- [WHAT YOU NEED TO DO]:
Look below for the line with "ROMÂNIA U21 - UCRAINA" and the line with "1107 S Lafayette Ave — Photo 14". Copy exactly those two lines and every line between, but not the pictures.

START LISTED ENTRIES

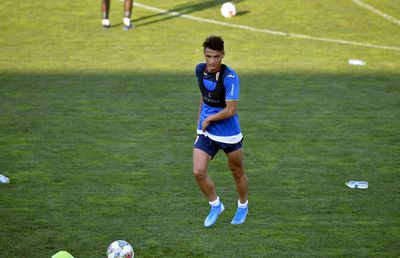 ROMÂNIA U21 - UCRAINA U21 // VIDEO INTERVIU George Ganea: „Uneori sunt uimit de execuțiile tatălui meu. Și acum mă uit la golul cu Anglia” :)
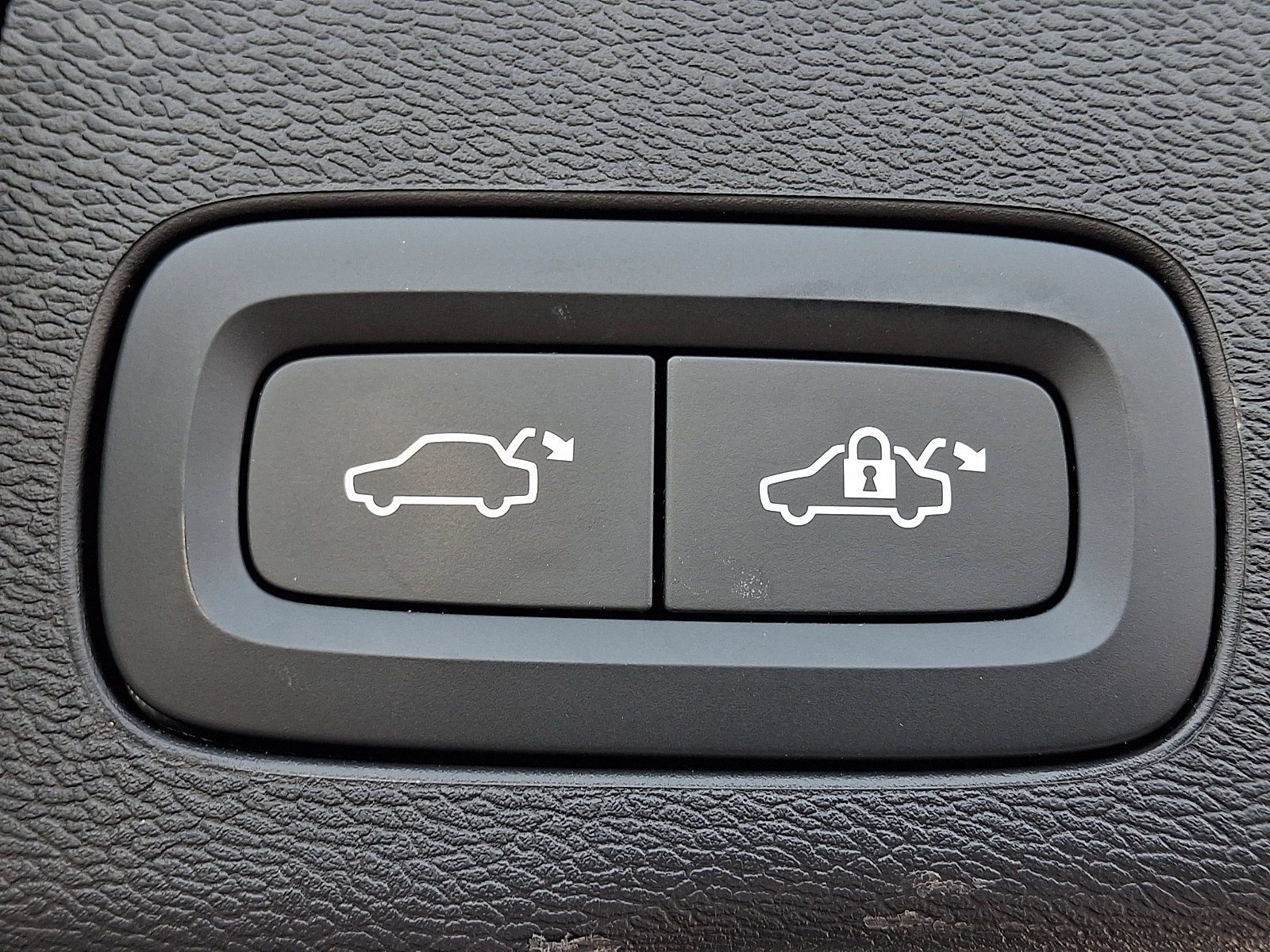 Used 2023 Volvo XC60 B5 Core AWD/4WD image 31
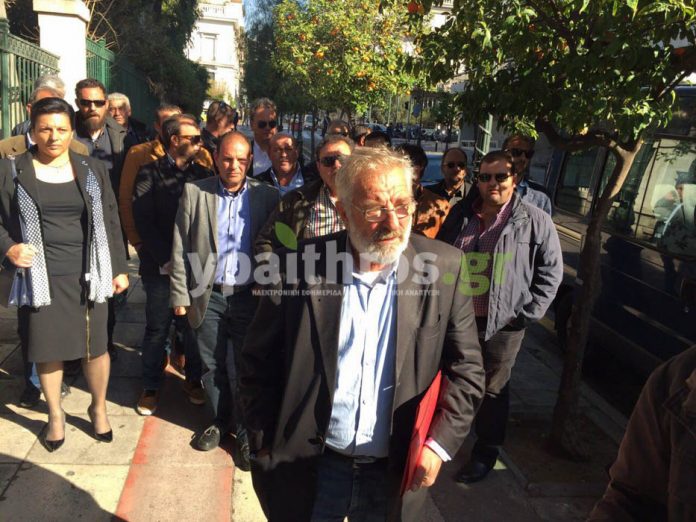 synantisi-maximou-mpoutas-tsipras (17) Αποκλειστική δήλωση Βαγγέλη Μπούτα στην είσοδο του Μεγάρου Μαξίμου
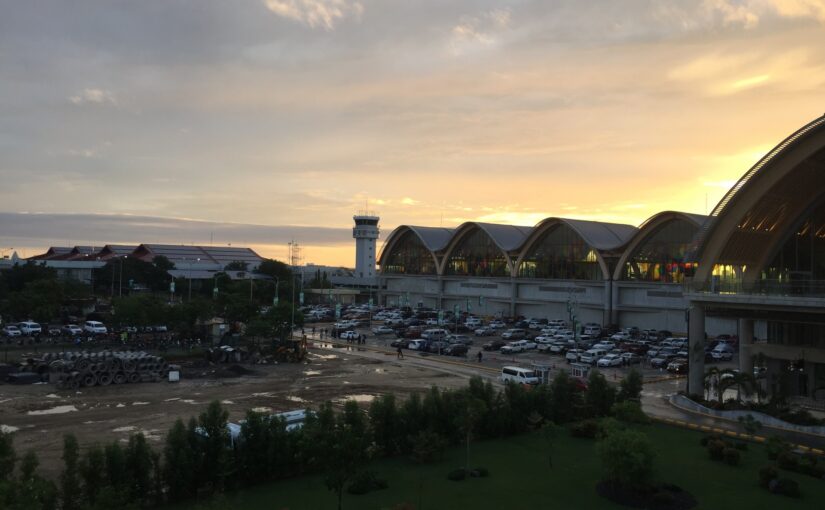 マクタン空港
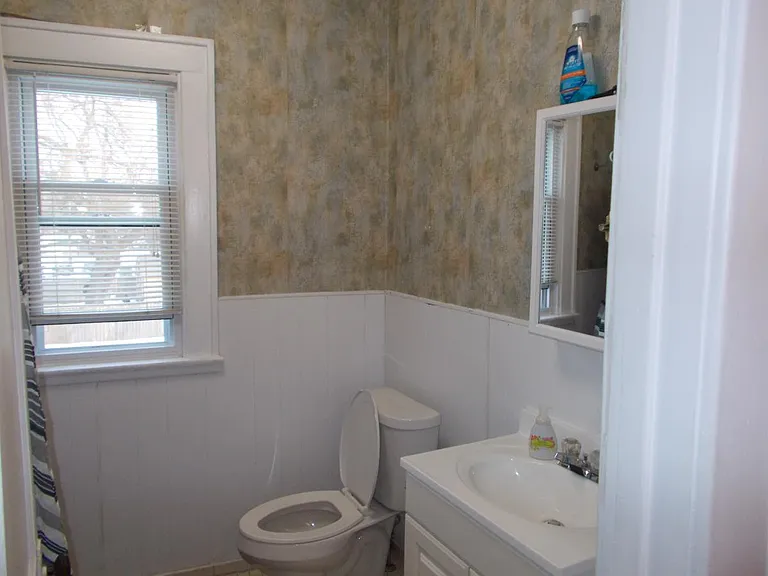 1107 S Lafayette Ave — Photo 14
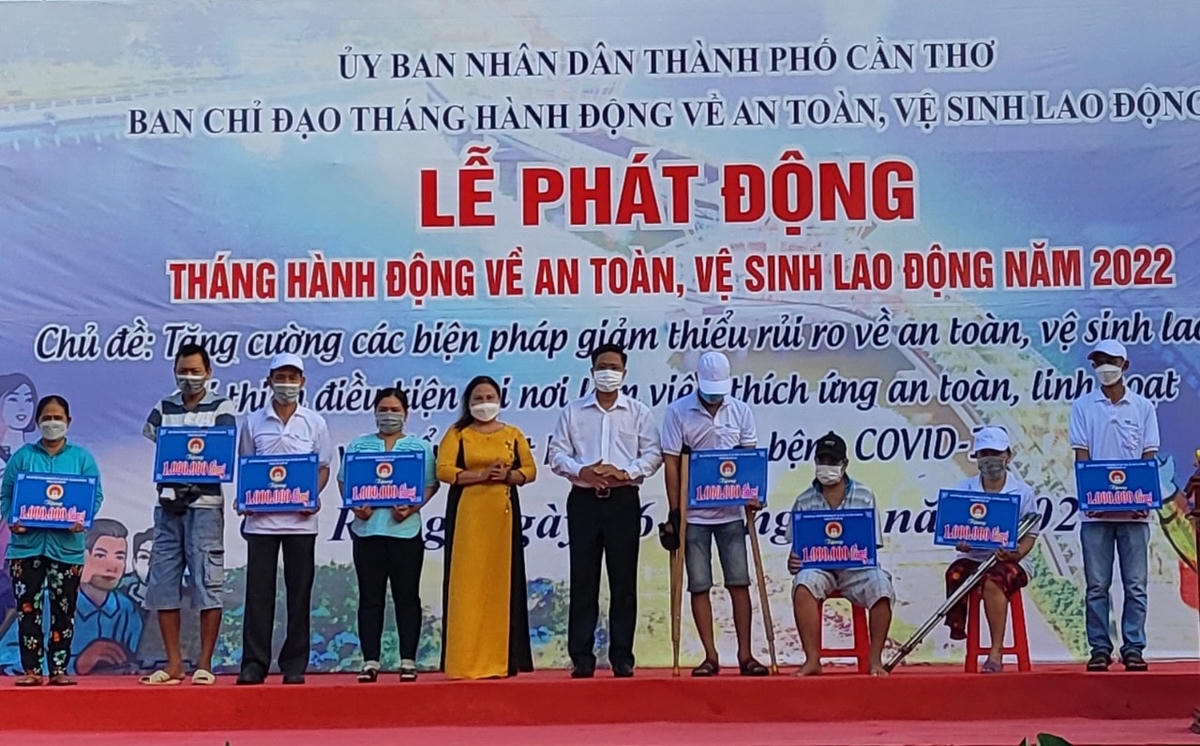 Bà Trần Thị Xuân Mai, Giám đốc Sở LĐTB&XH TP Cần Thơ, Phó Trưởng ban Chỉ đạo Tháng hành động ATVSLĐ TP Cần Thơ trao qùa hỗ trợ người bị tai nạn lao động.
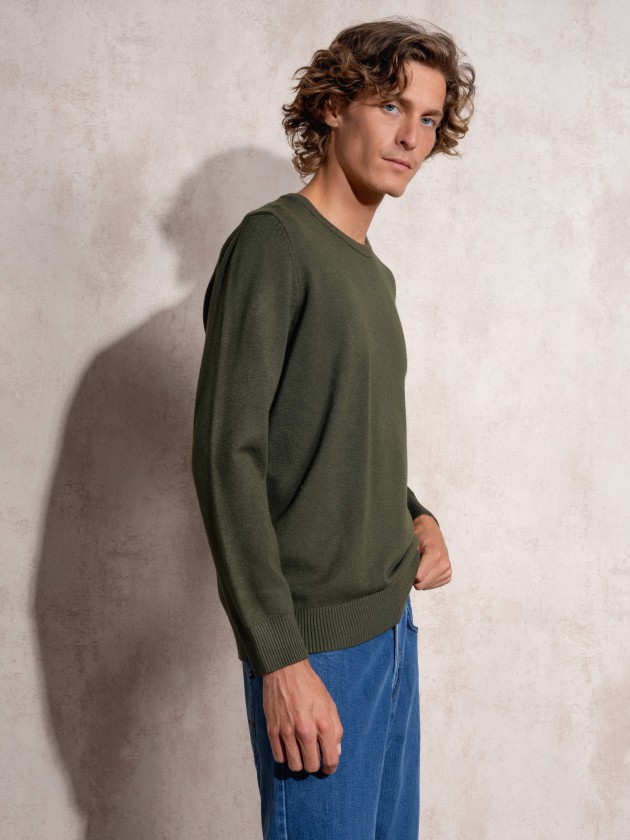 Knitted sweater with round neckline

END LISTED ENTRIES
START LISTED ENTRIES

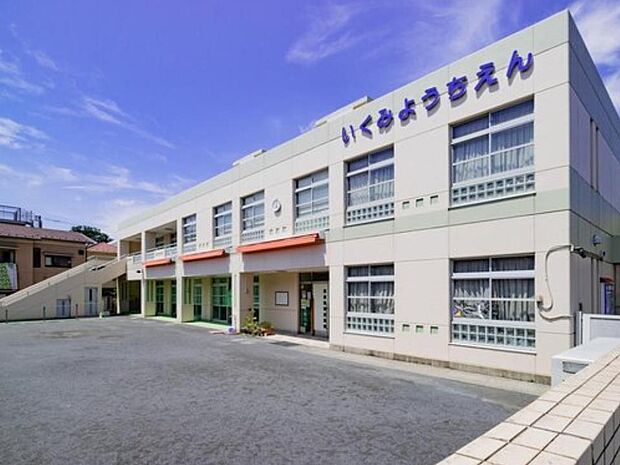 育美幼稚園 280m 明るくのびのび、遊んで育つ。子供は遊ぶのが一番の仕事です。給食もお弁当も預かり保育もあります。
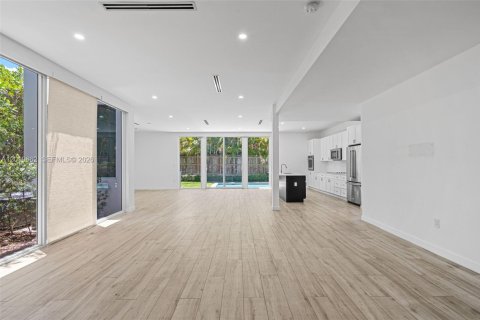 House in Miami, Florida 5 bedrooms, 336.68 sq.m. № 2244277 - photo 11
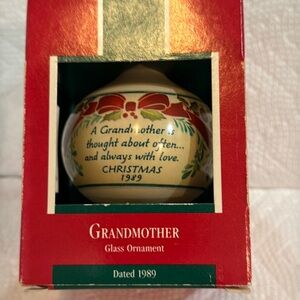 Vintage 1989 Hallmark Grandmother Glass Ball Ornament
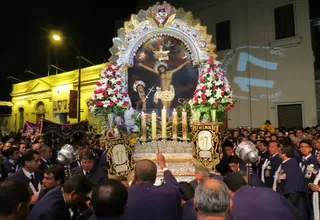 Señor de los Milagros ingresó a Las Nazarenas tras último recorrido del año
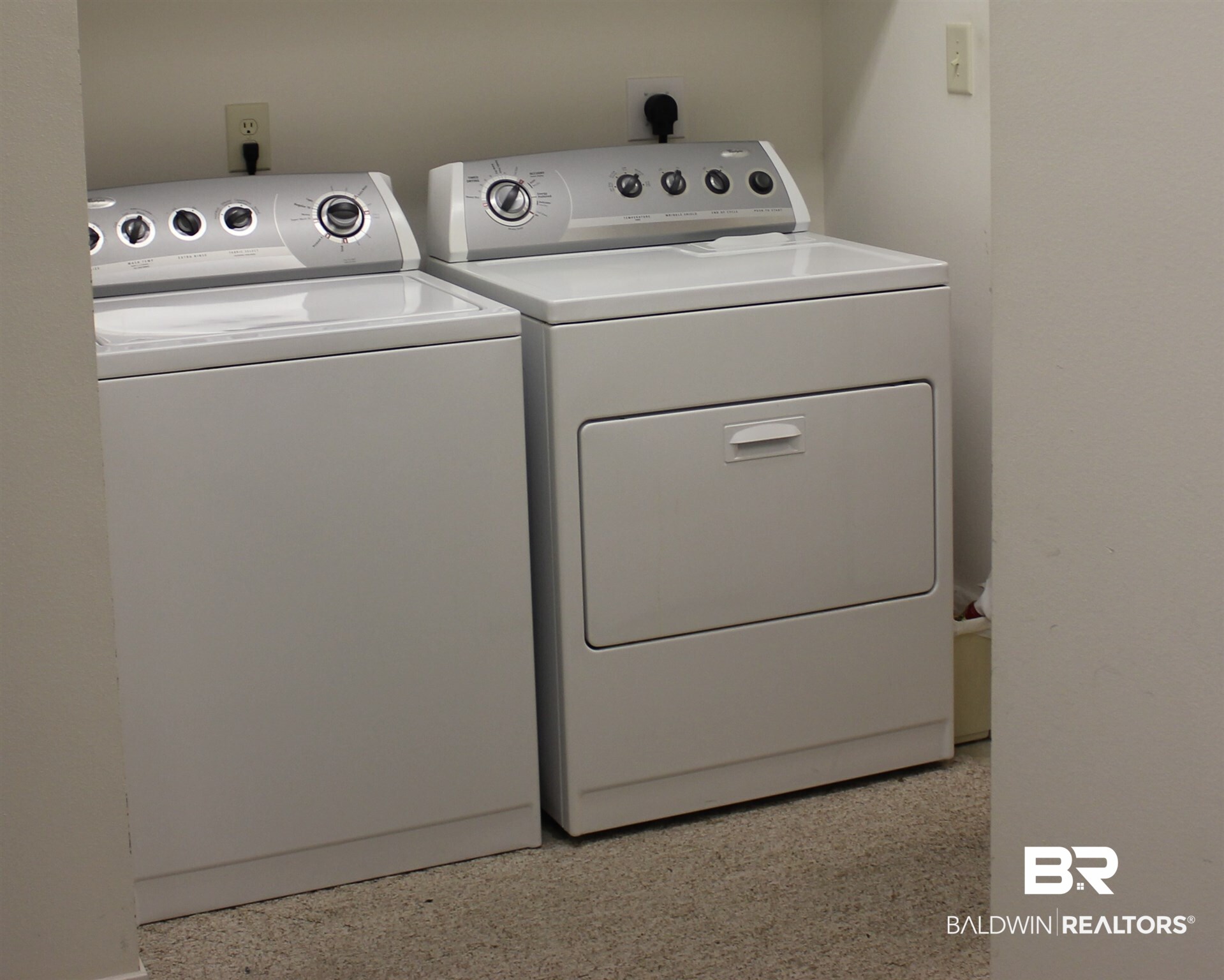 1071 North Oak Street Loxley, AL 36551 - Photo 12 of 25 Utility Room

END LISTED ENTRIES
START LISTED ENTRIES

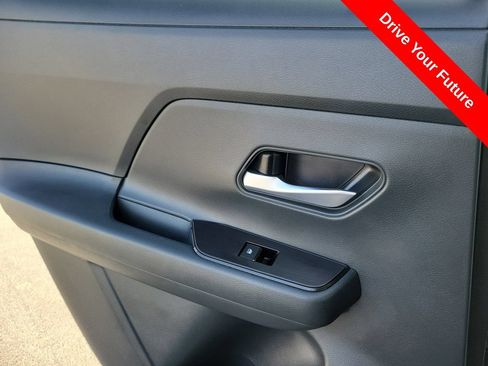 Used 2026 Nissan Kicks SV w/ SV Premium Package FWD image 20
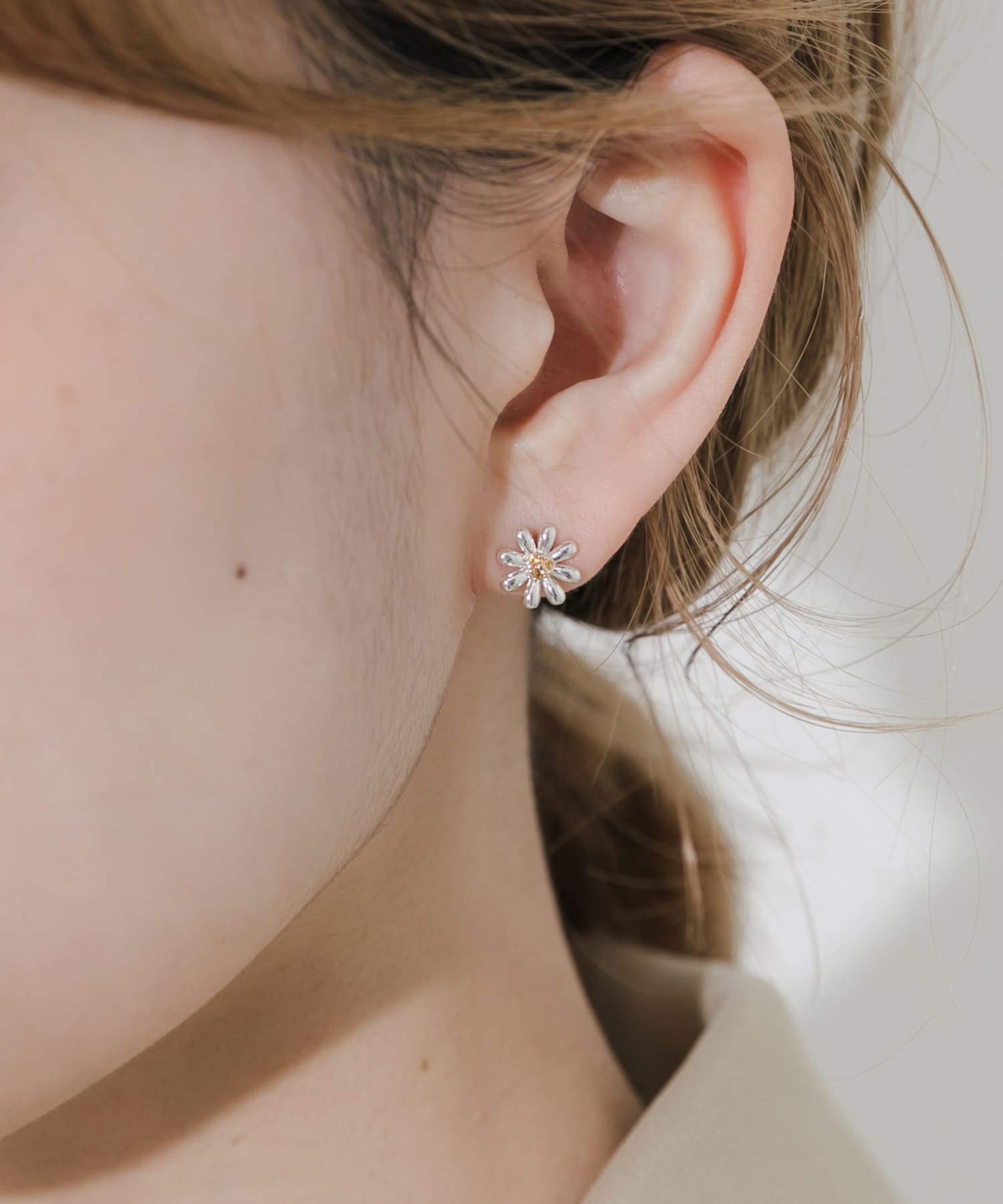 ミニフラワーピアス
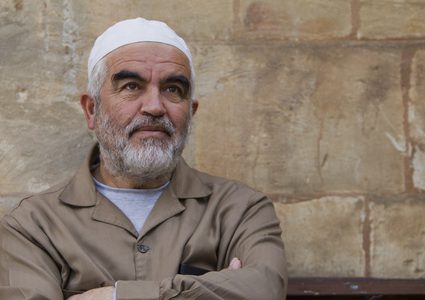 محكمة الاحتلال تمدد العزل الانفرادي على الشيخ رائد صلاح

END LISTED ENTRIES

- [ANSWER]:
 ROMÂNIA U21 - UCRAINA U21 // VIDEO INTERVIU George Ganea: „Uneori sunt uimit de execuțiile tatălui meu. Și acum mă uit la golul cu Anglia” :)
 Used 2023 Volvo XC60 B5 Core AWD/4WD image 31
 synantisi-maximou-mpoutas-tsipras (17) Αποκλειστική δήλωση Βαγγέλη Μπούτα στην είσοδο του Μεγάρου Μαξίμου
 マクタン空港
 1107 S Lafayette Ave — Photo 14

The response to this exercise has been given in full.